I definitely have more labor in it but justifying a 600 dollar gun to save 8 cents difference in the cost between my 9mm and and 300blk per round cost if the plated work well . would take 7500 rounds and I just am not shooting carbine that much right now.

as a real world tool for applications beyond practice or competition the 300 has a lot going for it , supersonic rounds that have 30-30 like stopping power at 100 yards and shoot well enough to 200 but start dropping quickly after that
heavy subsonics
300 feeds great in standard AR lowers and uppers with only a barrel difference , all the controls and mags are identical no special bolt cuts need to need made , no specialized lower so it holds the cost down on building one as well as keeping all the parts mil spec for greater interchangeability. last round hold open something a lot of pistol caliber carbines don't have.

If I had more carbine games , or took PC classes it would justify it but right now , not so much


----------



## Bearfootfarm

Cabin Fever said:


> My pistol caliber carbine is very reliable.


Mine is too.
Marlin 1894s 44 Magnum:


----------



## Southern Forest

The M1 Carbine wasn't intended to be an offensive arm, but rather a defensive arm exactly in line with the pistol caliber carbine. Yeah, it's more powerful than a .357, but it comes nowhere near the power of a 7.62x39. We keep one (a cool Saginaw Steering Gear marked Inland) for my 9 year old daughter. She's pretty good with it. My son uses a Mini-14GB and I keep an LRB M14 (they all are relatively common in their manual of arms). For just ranging about the homestead, though, a lever-action Western Field in 30-30 does it for me.

To me, the 30 carbine is a great little "hot pistol" round. However, I wouldn't mind a nice .45acp version of said rifle. This Ruger looks useful, but it has an aesthetic that doesn't appeal to me.


----------



## Texaspredatorhu

I have a ruger 44 carbine that I got from dad when I was a kid. Great rifle for pigs in the brush!


----------



## GREENCOUNTYPETE

I was watching a video review of these this morning , the glock mag is last round bolt hold open 
it does really look like ruger did their homework and put the features everyone was looking for into one gun 

if they can get the street price down around 500 i think they will sell very well


----------



## Chuck R.

GREENCOUNTYPETE said:


> I was watching a video review of these this morning , the glock mag is last round bolt hold open
> it does really look like ruger did their homework and put the features everyone was looking for into one gun
> 
> if they can get the street price down around 500 i think they will sell very well


Yup, and to top it off I just got a flyer from CDNN today that listed Glock 33 rd mags for $12.99 and a 50 rd Drum for $49.99.

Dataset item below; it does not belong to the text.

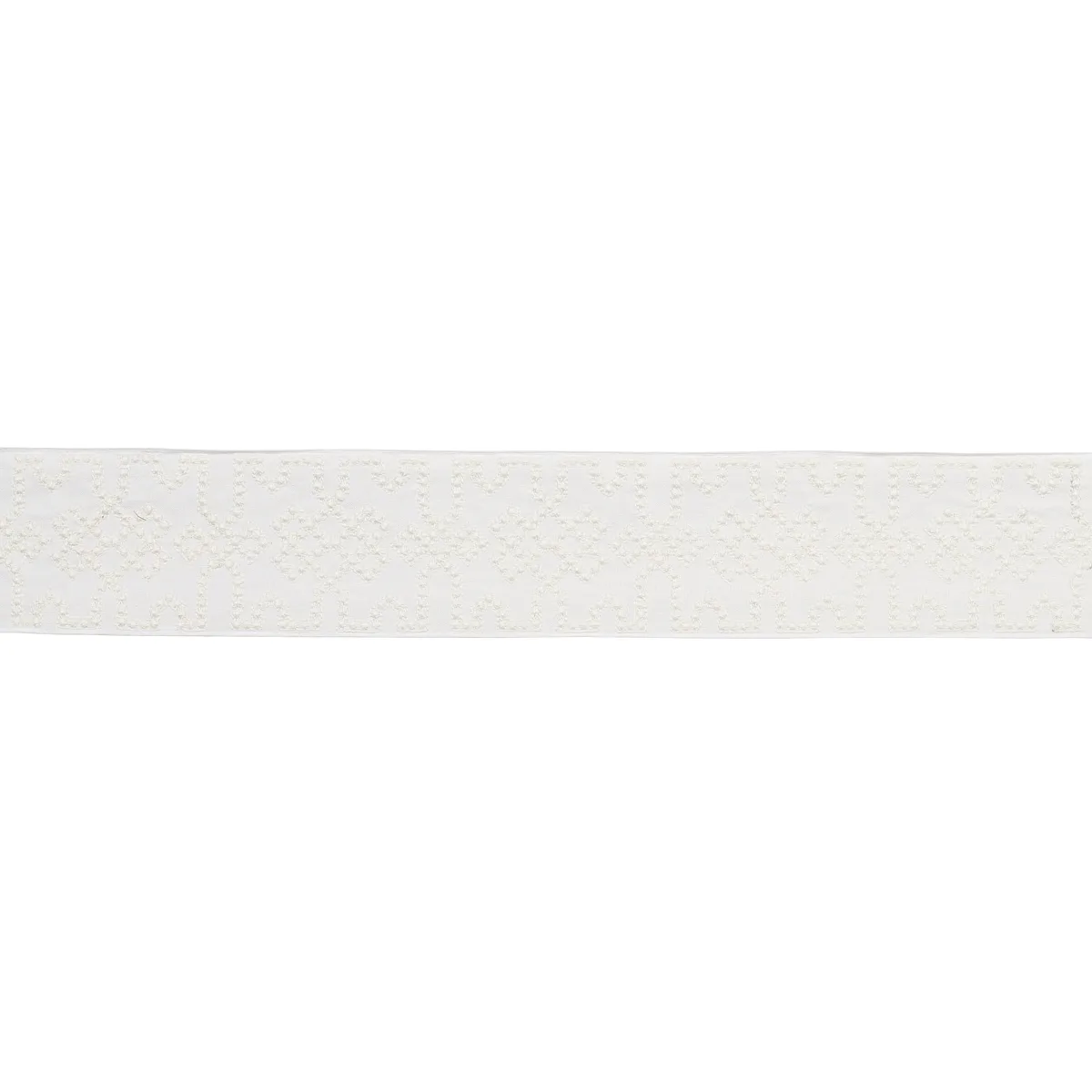 Schumacher Knotted Trellis Tape trim in White on White (80884)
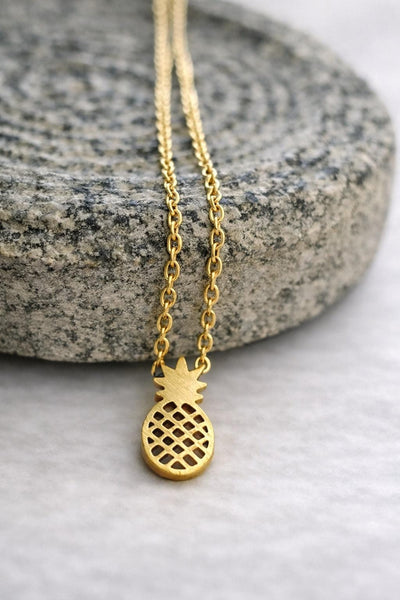 Gold Pineapple Charm Necklace 14k Plated, Tropical Jewelry, Beach Gift for Women, Summer Pendant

If guys can get over the whole "Looks too tactical" thing, it's a neat little carbine. 

Chuck


----------



## Texaspredatorhu

I think it needs some wood furniture!


----------



## Chuck R.

Texaspredatorhu said:


> I think it needs some wood furniture!


Spray Paint???

Chuck


----------



## GREENCOUNTYPETE

Texaspredatorhu said:


> I think it needs some wood furniture!


give Boyds a few months


----------



## wills

The 1873 Winchester worked well in 1873, and it appears production has resumed The shooter does not have to remove the magazine to reload.


----------



## wills

https://winchestercollector.org/wp-content/uploads/2014/02/1873.jpg


----------



## Texaspredatorhu

wills said:


> The 1873 Winchester worked well in 1873, and it appears production has resumed The shooter does not have to remove the magazine to reload.


They have been building them again for awhile now


----------



## 1OldBear

If I have to have a lever gun I'll take a Winchester M95 or a BLR. I have this affection for 30/06.


----------



## Dutch 106

I have a 1899 Rossi in 357 mag that is extremely handy. Or the pair of 300blk a pistol and a rifle. I cast a 230 grain lee bullet then powder coat. they work well.


----------